Saved entries:

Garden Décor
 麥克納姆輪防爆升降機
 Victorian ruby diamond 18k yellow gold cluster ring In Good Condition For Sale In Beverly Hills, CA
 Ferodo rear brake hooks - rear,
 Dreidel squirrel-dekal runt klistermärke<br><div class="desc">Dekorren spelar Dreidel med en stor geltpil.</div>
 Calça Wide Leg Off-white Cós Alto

--- Exercise details ---
The expected answer is an exact copy of the lines beginning at the one with "Victorian ruby diamond" and running to the end of the entries above.

--- Solution ---
 Victorian ruby diamond 18k yellow gold cluster ring In Good Condition For Sale In Beverly Hills, CA
 Ferodo rear brake hooks - rear,
 Dreidel squirrel-dekal runt klistermärke<br><div class="desc">Dekorren spelar Dreidel med en stor geltpil.</div>
 Calça Wide Leg Off-white Cós Alto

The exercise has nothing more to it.